I'm tone deaf and a noob. But, I want to know if there are classical works *that does not change its key* on the whole composition. I only knew one, and its a pop song by P!nk, 



.. It's stay on the key of G all the time..

So, anyone can answer me? 

and...

*no key changes = no modulation* ( Am I correct?)

* In atonal music, if there are no central tonality, does it mean, that it has no modulation whatsover, or it change its keys every time..


----------



## Garlic (May 3, 2013)

How about classical music that doesn't change its note (except between movements)?






Sorry, didn't answer your question.


----------



## Andreas (Apr 27, 2012)

I think there are pieces by John Coltrane that stay in one key thoughout. I've heard Steve Reich mention this in an interview. Encouraged him to compose works like Music for 18 Musicians that stay in the same key for long stretches.

Also the prelude to Wagner's Rheingold.


----------



## Mahlerian (Nov 27, 2012)

peeyaj said:


> I'm tone deaf and a noob. But, I want to know if there are classical works *that does not change its key* on the whole composition. I only knew one, and its a pop song by P!nk,
> 
> 
> 
> ...


The vast majority of pop music never changes key. Are you saying that it never changes its harmony at all? If so, there's one famous example in classical: the prelude to Das Rheingold, which is simply one long continuous E-flat harmony.



> * In atonal music, if there are no central tonality, does it mean, that it has no modulation whatsover, or it change its keys every time..


Well, aside from the fact that so-called atonal music does in fact have tonal centers...there is no modulation in the sense of Classical-Romantic movement from key to key, because all keys are readily available.


----------



## superhorn (Mar 23, 2010)

Ravel's famous (or notorious) Bolero does not modulate except for a very brief one right before the end .
The prelude to Wagner's Das Rheingold ,first part of the Ring, is entirely in e flat major .


----------



## KenOC (Mar 7, 2011)

superhorn said:


> Ravel's famous (or notorious) Bolero does not modulate except for a very brief one right before the end.


I believe Bolero modulates within the theme itself.
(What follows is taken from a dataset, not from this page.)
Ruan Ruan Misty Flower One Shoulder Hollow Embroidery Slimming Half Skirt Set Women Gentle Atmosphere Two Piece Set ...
Is that incorrect?


----------



## Mahlerian (Nov 27, 2012)

KenOC said:


> I believe Bolero modulates within the theme itself. Is that incorrect?


If I recall correctly, it has brief tonicizations, but no modulation whatsoever until the second-to-last variation. It stays otherwise in C throughout.


----------



## HaydnBearstheClock (Jul 6, 2013)

J. Haydn's Symphony no. 49 in F minor, 'La Passione' - each movement is in F minor (although there are some snippets in the major throughout).


----------



## Guest (Sep 14, 2013)

Mahlerian said:


> The vast majority of pop music never changes key.


Quite right - wouldn't want to upset the punters. However, when it does, it's often quite striking. One song I can call to mind that I think does is _Every Breath You Take_ (The Police). Am I right?


----------



## spradlig (Jul 25, 2012)

@peeyaj : I'm not really sure what "no modulation" means. This requirement might rule out almost all music. If you allow brief "modulations", there is a huge number of shorter classical works that don't change key - too many to try to list. Someone cited Ravel's _Bolero_ and I think that is a good longer example. There is a modulation near the end of the piece but I don't think it is long enough to be called a real "change of key" (I have not seen the score but I doubt the key signature changes) But the Fugue in C Major from Shostakovich's 24 Preludes and Fugues does not even have any accidentals (all white keys)!


----------